▶ _Required action_: Go to the line below that contains "Land Rover Range". From there to the end of the records, reproduce each line exactly, except the pictures.

▶ _Supplied records_:
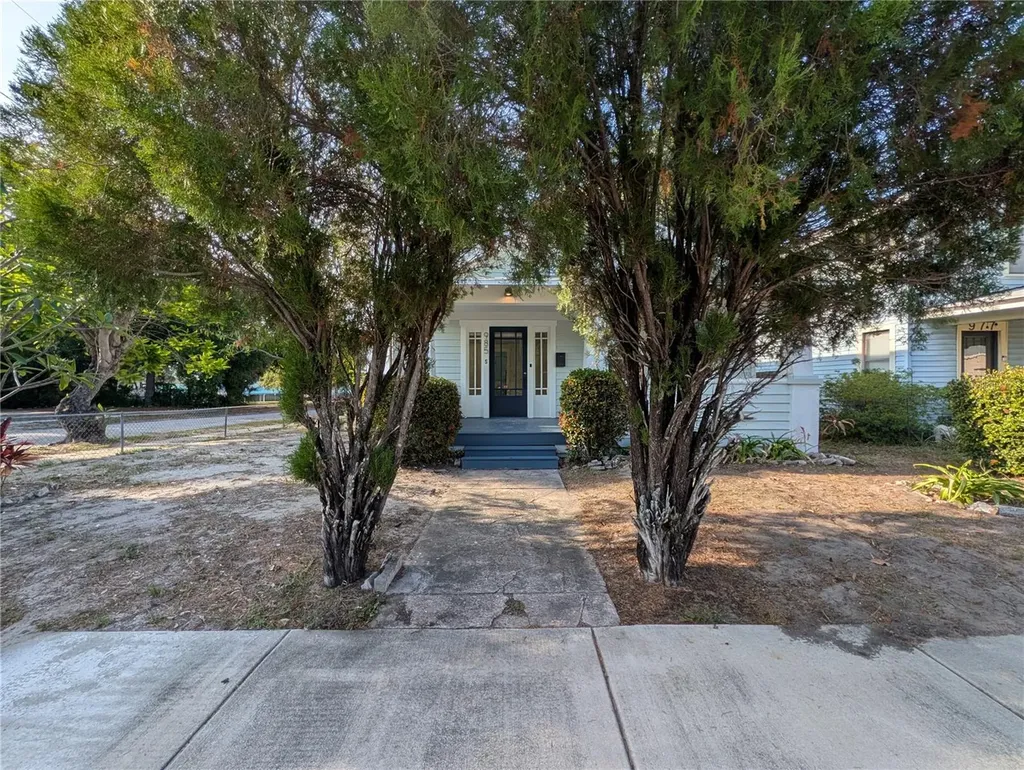 985 8th Avenue S St Petersburg FL 33705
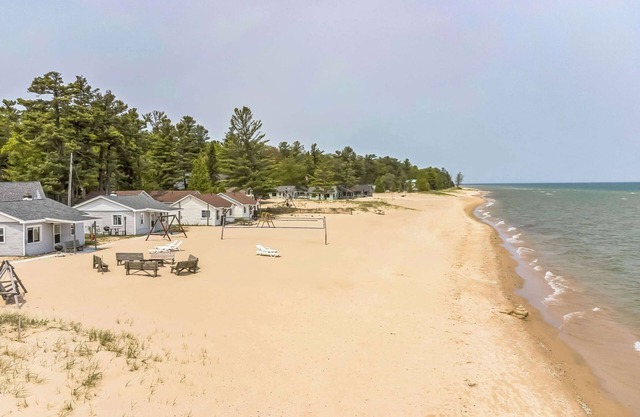 Family-Friendly Lake Retreat—2BR Cottage w/Amenities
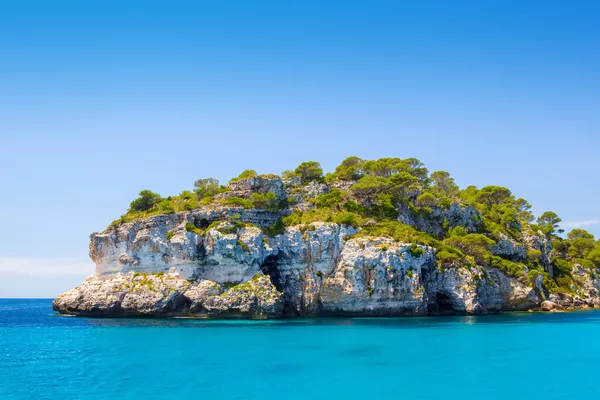 Menorca sziget déli part tenger-szikla a napsütéses napon, Spanyolország. — Stock Fotó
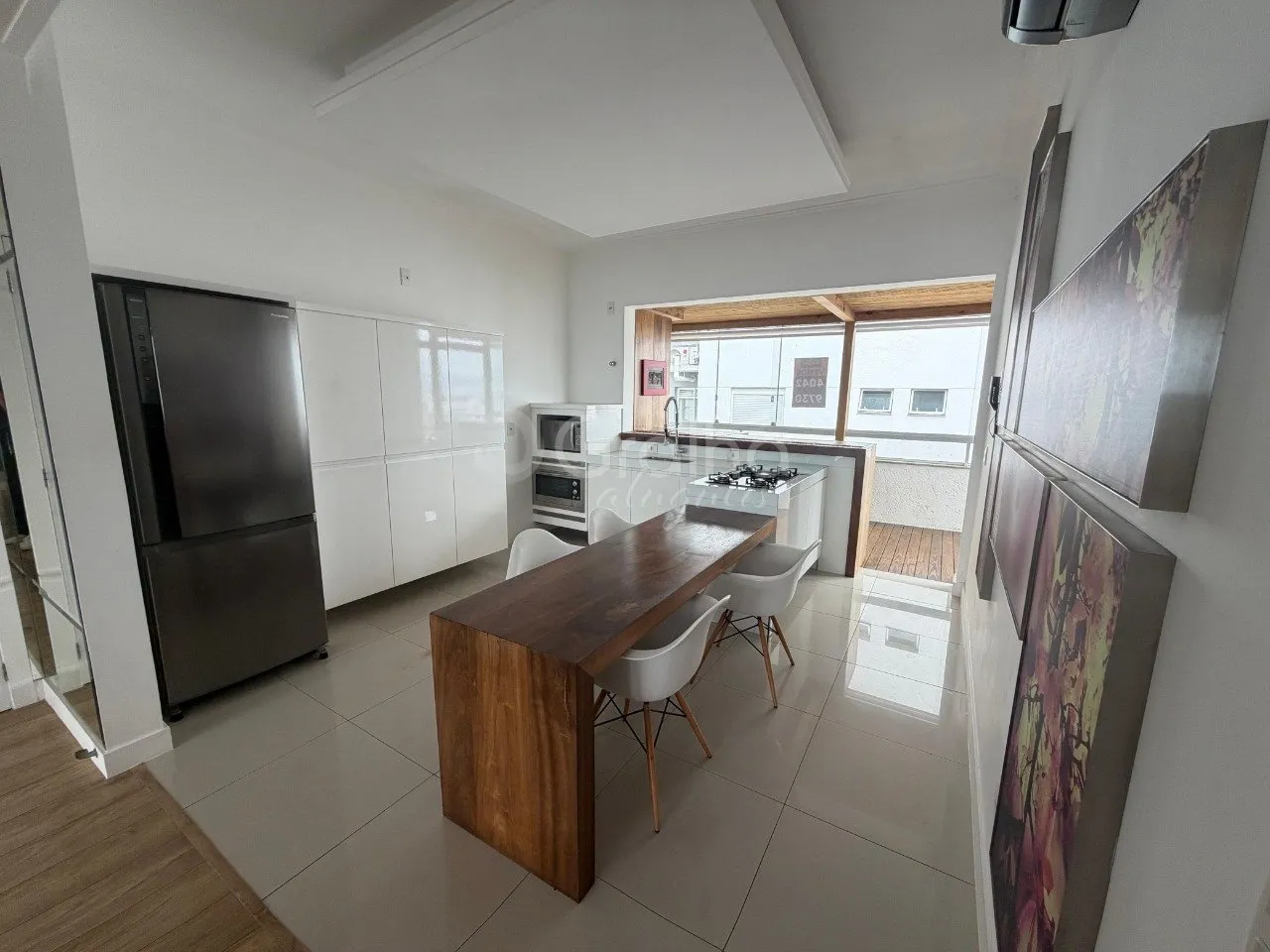 3-bedroom apartment with a bathtub in Florianópolis — photo 2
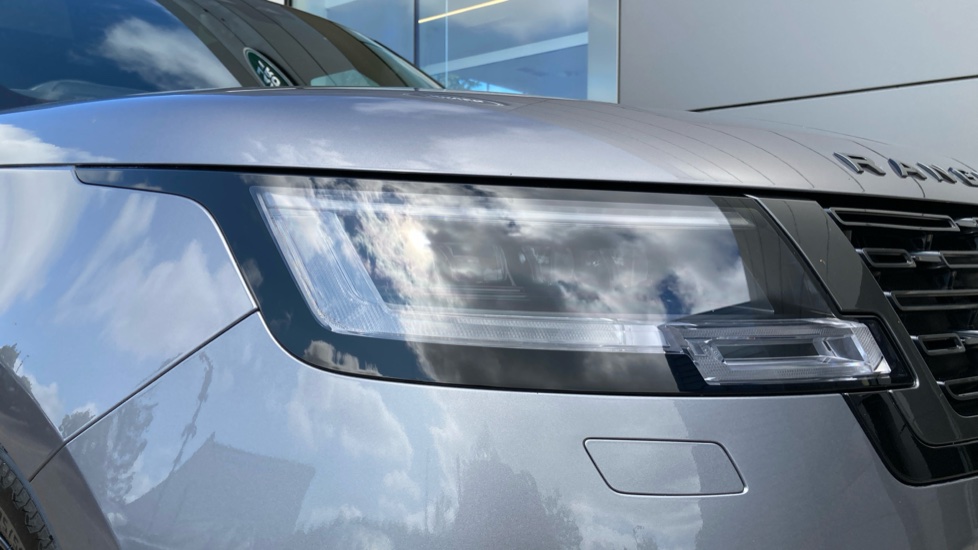 Land Rover Range Rover 3.0 D300 SE 4dr Auto Diesel Estate - Image 17
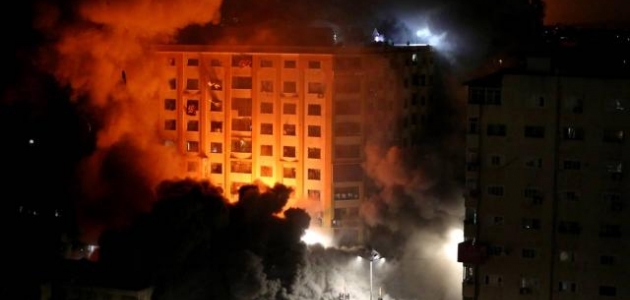 İsrail Gazze’de sivillerin yaşadığı 9 katlı binayı vurdu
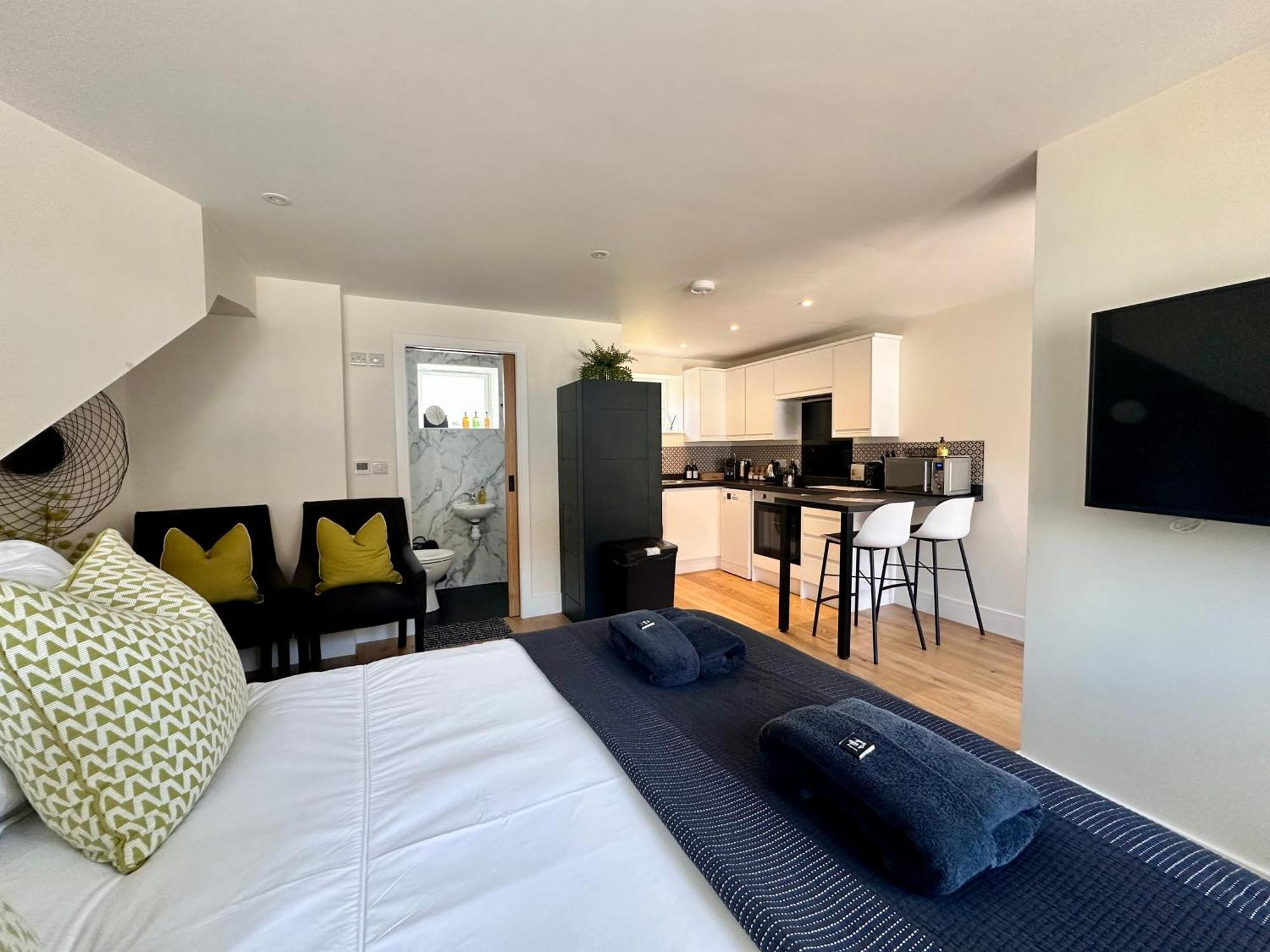 New Studio Apartment - Minutes Walk To Cathedral ソールズベリー エクステリア 写真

▶ _Task result_:
 Land Rover Range Rover 3.0 D300 SE 4dr Auto Diesel Estate - Image 17
 İsrail Gazze’de sivillerin yaşadığı 9 katlı binayı vurdu
 New Studio Apartment - Minutes Walk To Cathedral ソールズベリー エクステリア 写真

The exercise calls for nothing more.